**INFORMATION SUPPLIED**
BEGIN

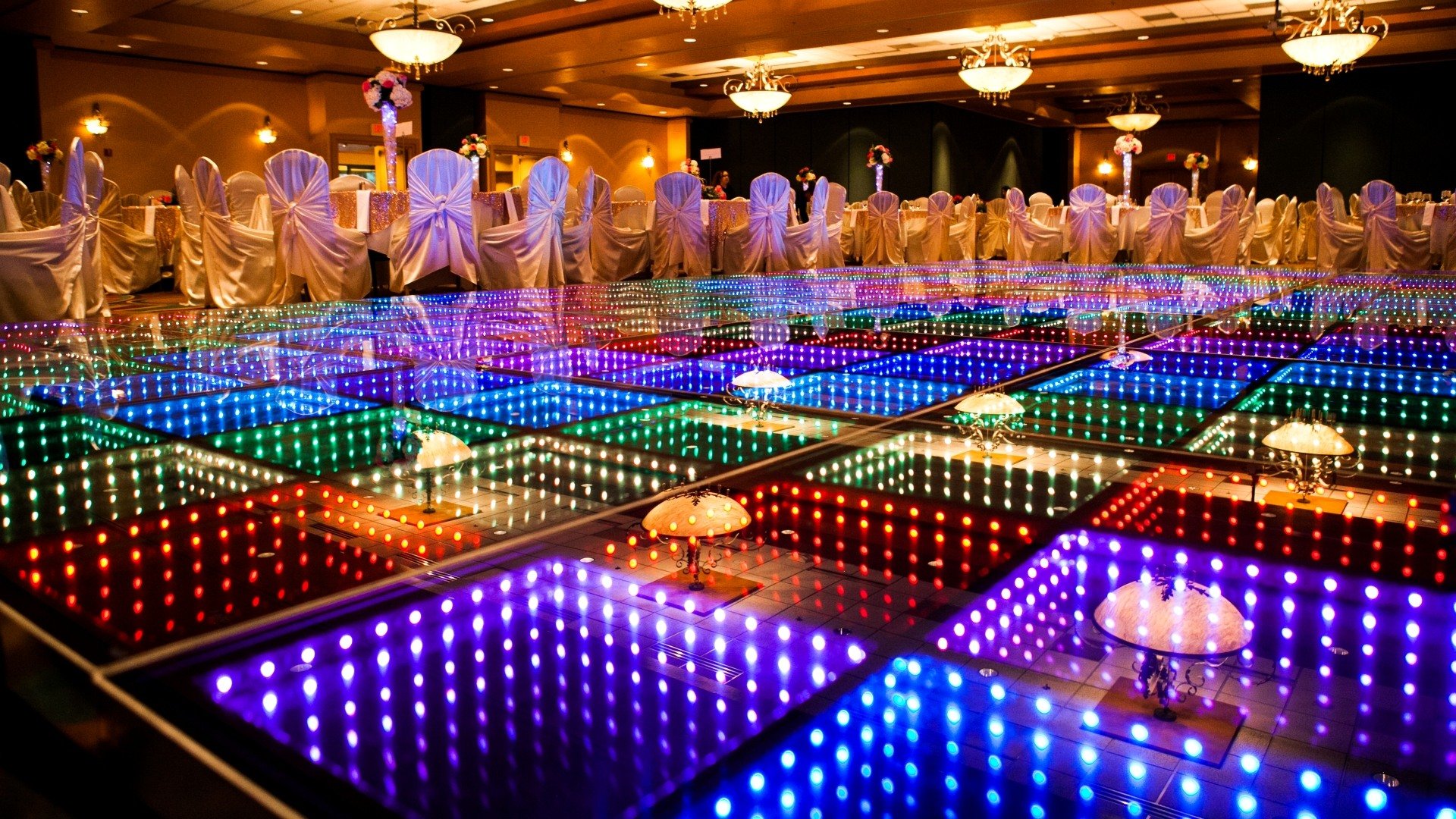 Neutral White Color Temperature 4100K Toughened Glass LED 3D Mirror Dance Floor for Stage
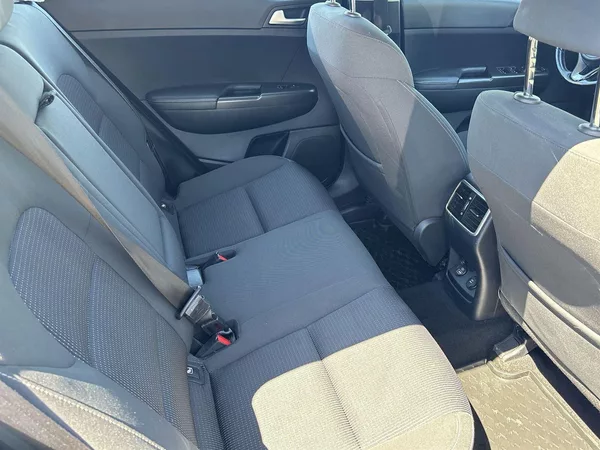 Kia Sportage 2.0 CRDi 4x4 TOP - foto 10
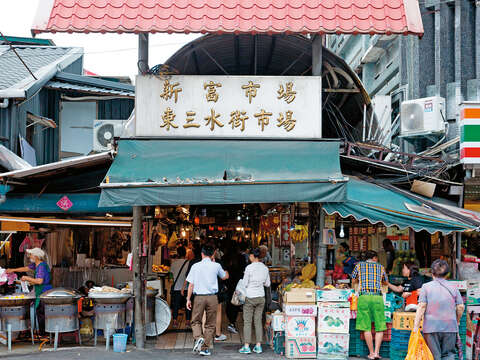 張秋永認為新富市場麻雀雖小,五臟俱全。(攝影/林煒凱)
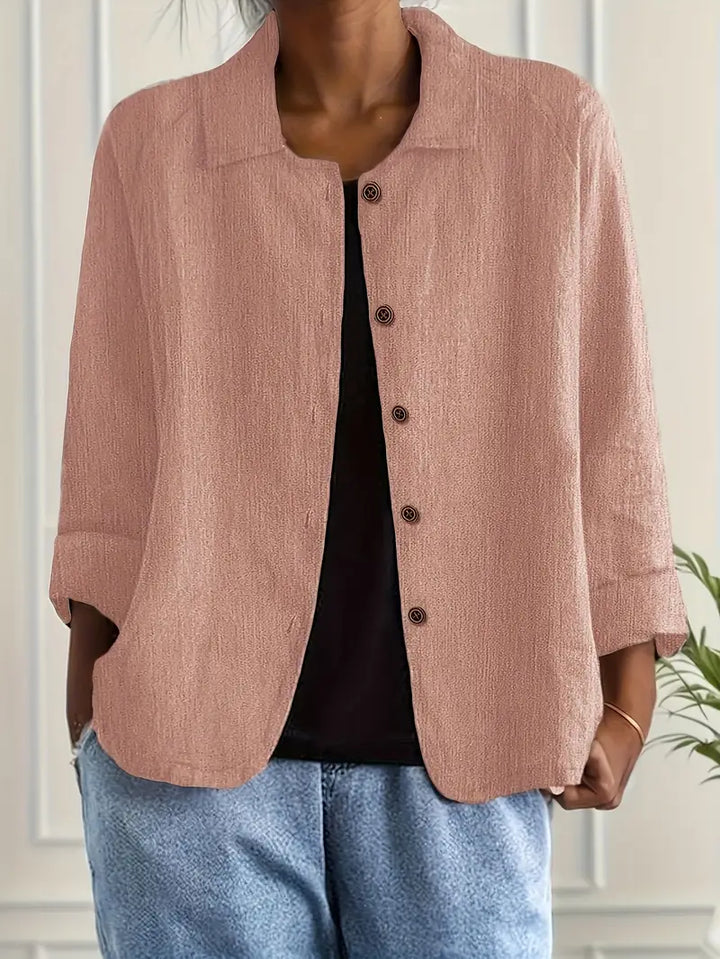 Fashionable women's shirt cardigan for versatile styling, elegant & comfortable womenswear.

END

**EXERCISE OBJECTIVE**
Transcribe each line above exactly, pictures excluded.

**EXERCISE ANSWER**
 Neutral White Color Temperature 4100K Toughened Glass LED 3D Mirror Dance Floor for Stage
 Kia Sportage 2.0 CRDi 4x4 TOP - foto 10
 張秋永認為新富市場麻雀雖小,五臟俱全。(攝影/林煒凱)
 Fashionable women's shirt cardigan for versatile styling, elegant & comfortable womenswear.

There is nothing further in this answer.